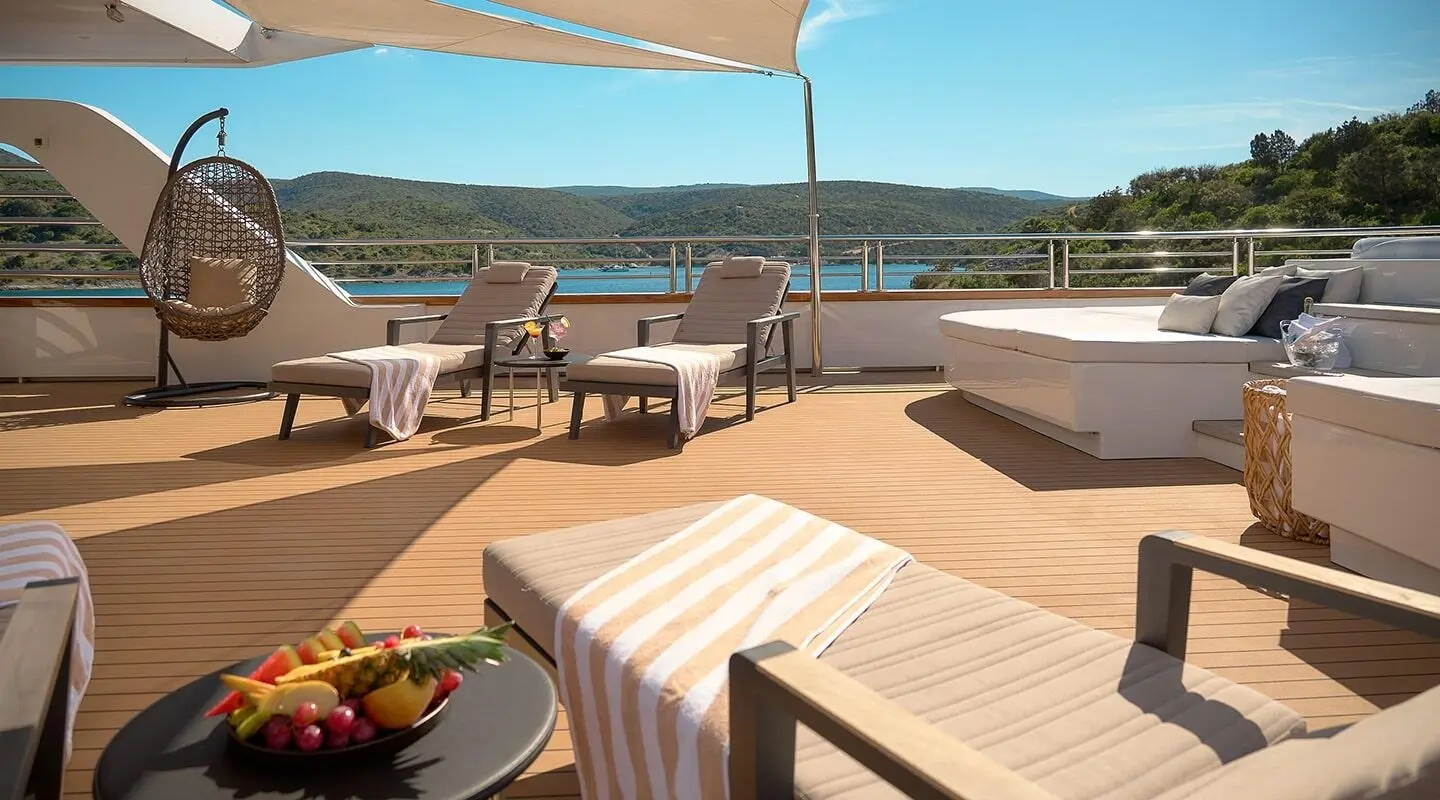 Upper deck on Cristal yacht with loungers and striped awning over sea view
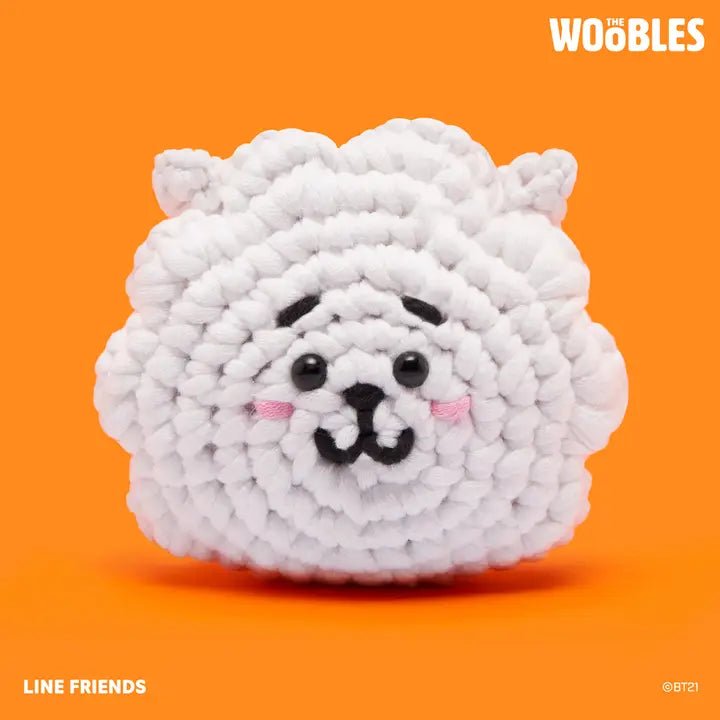 White plush toy with black accents on an orange background, featuring the Woobles brand.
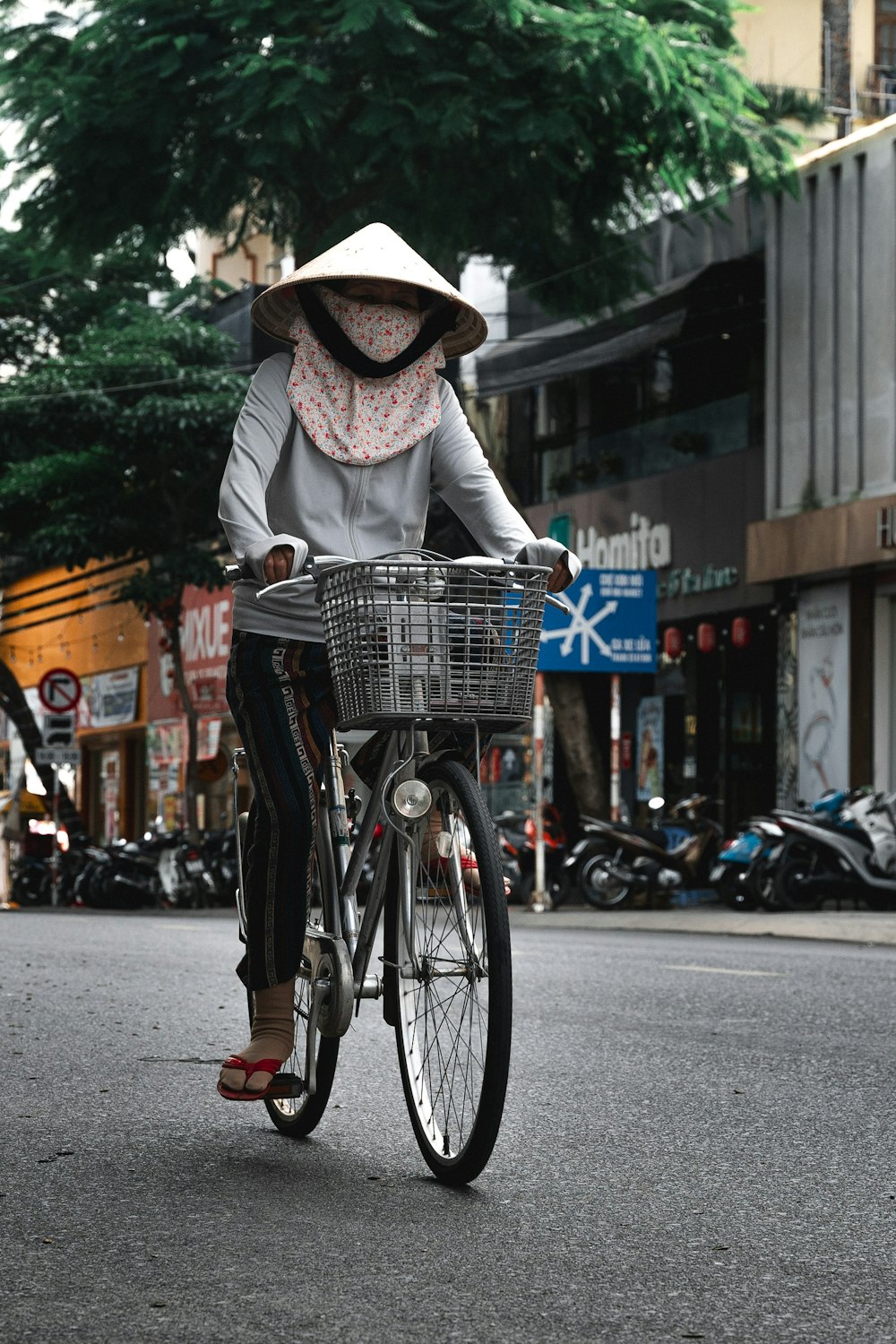 a woman riding a bike down a street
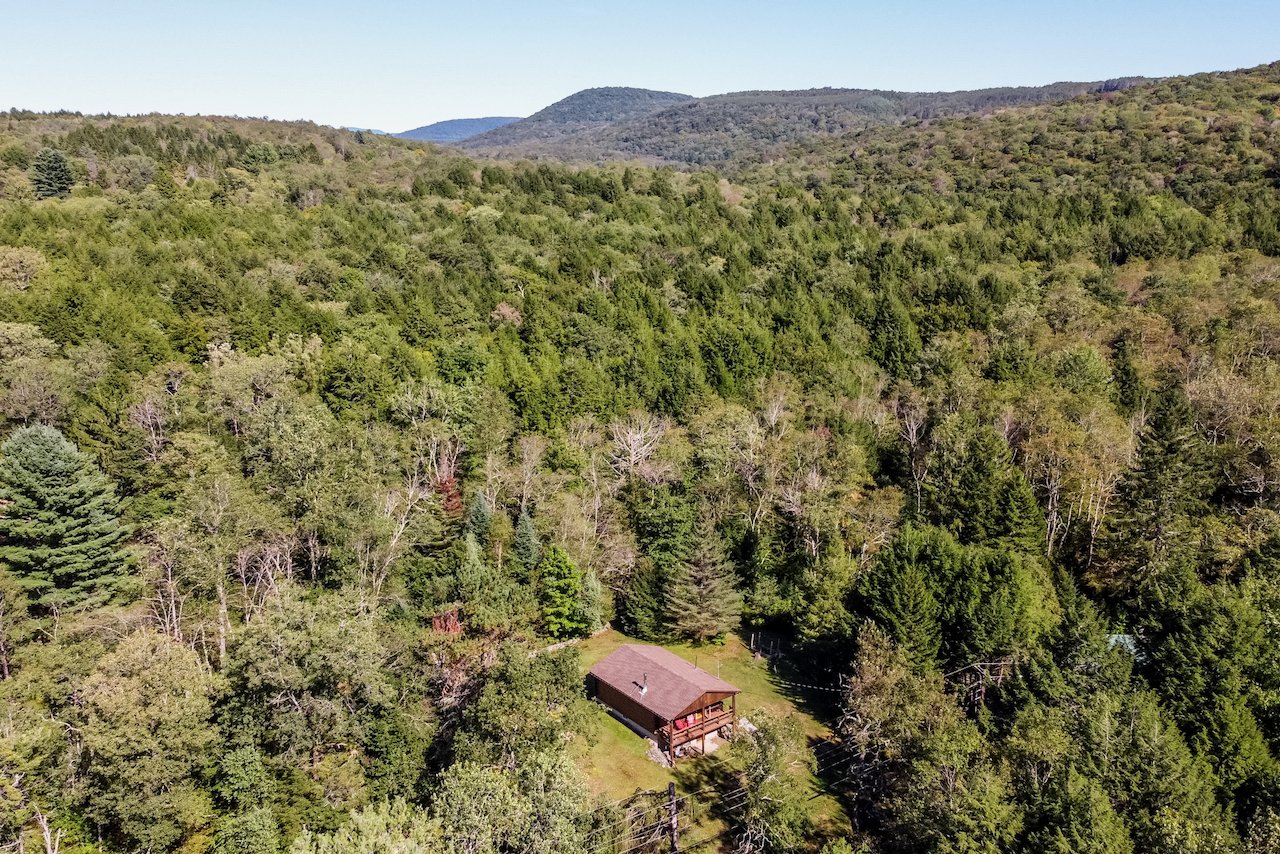 Classic Catskills log cabin with wood stove on a quiet historic road in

= Instructions to follow =
Output the whole listing exactly. Pictures stay out.

= Written answer =
 Upper deck on Cristal yacht with loungers and striped awning over sea view
 White plush toy with black accents on an orange background, featuring the Woobles brand.
 a woman riding a bike down a street
 Classic Catskills log cabin with wood stove on a quiet historic road in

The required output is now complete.